Tuesday, October 18, 2022

Orchards in Hendersonville, NC: Sky Top and Jeter Mountain

Why hello!! It's me! And wow, it's been A WHILE. Instagram has basically become my blog, but I wanted to share a little about our adventure last weekend because I've had a few people ask about the orchards around Asheville. I did as much research as I could for a year leading up to our trip and screenshot Insta stories from everyone I knew going to the mountains last year haha!
We spent last weekend at an Airbnb in Asheville, and it was beautiful! We had a fire put for s'mores and beautiful views of the mountains around us. Plus, it was into the 40s every night, so we slept (and froze) with the windows open.
So, there aren't any apple orchards in Asheville, but Henderson County (about an hour south) is the largest apple-producing county in North Carolina. We chose to visit an orchard on our way in on Thursday afternoon and a second on our way out of town on Sunday morning. Obviously visiting one on a weekday and one on a weekend, it's not comparing apples to apples (pun maybe intended?), but I think the information is still valuable!

On Thursday afternoon, we got to Sky Top around 3pm. They're open daily 9am-6pm, and it's quite a windy road up to the orchard. You walk into a rustic, dusty concrete floor, high ceiling barn where you can buy bagged apples, cider, cider slushies (Calvin's favorite), cans of hard cider you can carry around the property, pies, jams and butters, and tickets for apple picking, donuts, and all the other activities.
What struck me were all the well-labeled signs of where to line up for cash registers, donuts, and tractor rides. None of those signs were needed on Thursday, and so many people kept commenting about how few people were there, so I think got really lucky with our choice of day. 

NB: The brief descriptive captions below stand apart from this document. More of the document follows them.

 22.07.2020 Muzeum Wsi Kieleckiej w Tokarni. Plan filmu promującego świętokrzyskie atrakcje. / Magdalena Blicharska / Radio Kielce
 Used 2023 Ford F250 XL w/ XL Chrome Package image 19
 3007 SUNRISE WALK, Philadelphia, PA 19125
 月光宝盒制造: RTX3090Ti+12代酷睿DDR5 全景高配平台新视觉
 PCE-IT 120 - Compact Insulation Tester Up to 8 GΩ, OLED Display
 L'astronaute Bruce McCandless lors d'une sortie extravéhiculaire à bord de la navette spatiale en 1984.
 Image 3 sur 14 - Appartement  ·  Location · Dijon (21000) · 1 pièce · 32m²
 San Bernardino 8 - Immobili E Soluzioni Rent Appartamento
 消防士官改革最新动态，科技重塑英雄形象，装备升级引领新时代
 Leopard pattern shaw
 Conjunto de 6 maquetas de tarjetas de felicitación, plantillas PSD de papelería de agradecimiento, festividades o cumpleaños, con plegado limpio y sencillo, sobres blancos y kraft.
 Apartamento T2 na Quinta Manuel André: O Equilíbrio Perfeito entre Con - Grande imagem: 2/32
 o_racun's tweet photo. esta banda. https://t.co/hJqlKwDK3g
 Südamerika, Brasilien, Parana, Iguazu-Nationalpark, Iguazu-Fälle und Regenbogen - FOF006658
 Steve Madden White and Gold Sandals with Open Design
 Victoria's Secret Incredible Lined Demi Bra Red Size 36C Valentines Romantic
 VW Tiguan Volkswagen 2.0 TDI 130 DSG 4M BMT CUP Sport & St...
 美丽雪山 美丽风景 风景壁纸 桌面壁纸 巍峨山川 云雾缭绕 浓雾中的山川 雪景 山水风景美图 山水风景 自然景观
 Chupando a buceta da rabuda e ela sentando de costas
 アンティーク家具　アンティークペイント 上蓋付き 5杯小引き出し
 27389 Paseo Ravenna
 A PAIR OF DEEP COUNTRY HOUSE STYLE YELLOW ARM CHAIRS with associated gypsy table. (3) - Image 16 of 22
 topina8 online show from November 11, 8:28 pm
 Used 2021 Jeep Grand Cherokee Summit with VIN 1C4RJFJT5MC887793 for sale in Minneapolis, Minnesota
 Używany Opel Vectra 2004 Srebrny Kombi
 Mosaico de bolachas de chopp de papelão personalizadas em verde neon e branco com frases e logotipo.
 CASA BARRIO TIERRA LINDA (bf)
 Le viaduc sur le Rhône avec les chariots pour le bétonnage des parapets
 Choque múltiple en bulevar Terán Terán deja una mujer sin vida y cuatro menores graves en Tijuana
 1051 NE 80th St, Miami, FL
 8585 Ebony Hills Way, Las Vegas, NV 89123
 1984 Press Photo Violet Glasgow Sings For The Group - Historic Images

We decided to pick apples first. We walked down the hill with our slushies to the start of the orchard where an employee directed us to the apples we wanted to pick. Just FYI you aren't allowed into the orchards unless you pay for a $25 bag to u-pick as many apples as you can fit. Phew! It was a hike! Up and down hills out to the far end of the orchard. We could pick anywhere we wanted to pick, and there were a ton of apples both on the trees and the ground. We picked a bunch of apples and headed back up the hill to meet our friends and try the other activities. 
The tractor ride is just for fun (rides in a loop without stops in the orchard), and there's also a bee (barrel) train that does a few loops. There's also a playground, gem mining, and an apple cannon. 
Before we left, we made sure to get apple cider donuts (apparently that line is wild on the weekends) and a caramel apple for the road. 

All in all, I'd call Sky Top a very fun, kid-centered, rustic orchard. 

We spent the next 3 days in Asheville making s'mores, hiking, and visiting breweries (a few favorites listed at the bottom of this post). 

On Sunday morning, we left our Airbnb and headed back to Hendersonville for Jeter Mountain Farm. They're only open Thursday and Friday 10am-3pm and Saturday and Sunday 10am-5pm, and I had heard it gets BUSY. We got there at about 10:30 and were about the 30th car there. 

My first impression was just WOW. The whole facility is brand new with high ceilings, stone exteriors, and wooden interiors. There are separate spaces for the cidery, coffee shop, market (gift shop), donut window, and there's even a permanent barbecue truck up the hill. 
After a cider slushie and some hot donuts, we got in line to pay for apples and a hayride. Jeter was $29 for apple picking, which included a basket to keep and a ride out to the orchard. (To compare the two, Sky Top picking was $25, and the tractor ride around the property was $3 per person, so Jeter was slightly less expensive and you didn't have to hike out to the fields.) 

The line to pay and for the tractor only took a few minutes each, and the ride out to the orchard was beautiful, through grapevines, blackberries, and many other crops. 
When we got off the tractor, we were greeted by another employee who told us where to pick and what kinds of apples were available. While the orchards were much more manicured, the area to pick was much smaller than Sky Top. There were ropes blocking you off from many of the rows, and while there were a few rows for each type of apple, only a few trees still had apples, so people were all congregating around them. (Yes, I did my best in my photos to make it look like we were the only ones there haha.)
After a full basket of apples, we took a tractor ride back and shopped around the market before getting a flight of cider to enjoy while Calvin played in the playground space. 
We really enjoyed both orchards and would definitely go back to both. But now, the superlatives in case you want to plan your own trip:
  • Better apple picking: Tie (walk out on your own to a wide open, go-wherever-you-want experience at Sky Top versus tractor ride to a very controlled and people-filled but well manicured orchard at Jeter)
  • Better apples: Tie (I swear this is the last tie haha)
  • Better cider (and slushies): Sky Top
  • Better hard cider: Jeter (get a flight!)
  • Better cider donuts: Sky Top
  • Better market: Sky Top (apple butter and caramel apples - yum!)
  • Better selection of food: Jeter (Sky Top didn't have a meal option)
  • Better hayride: Jeter
  • Better playground: Jeter
  • Better other activities: Sky Top 
  • Better photo ops: Jeter
And if you're looking for other Asheville things to do, we really enjoyed: walk around Beaver Lake Bird Sanctuary (stroller-friendly), all the animals at WNC Nature Center, beers at Burial Beer Co and Whistle Hop (it's train-themed), and frozen custard sandwiches at Whit's.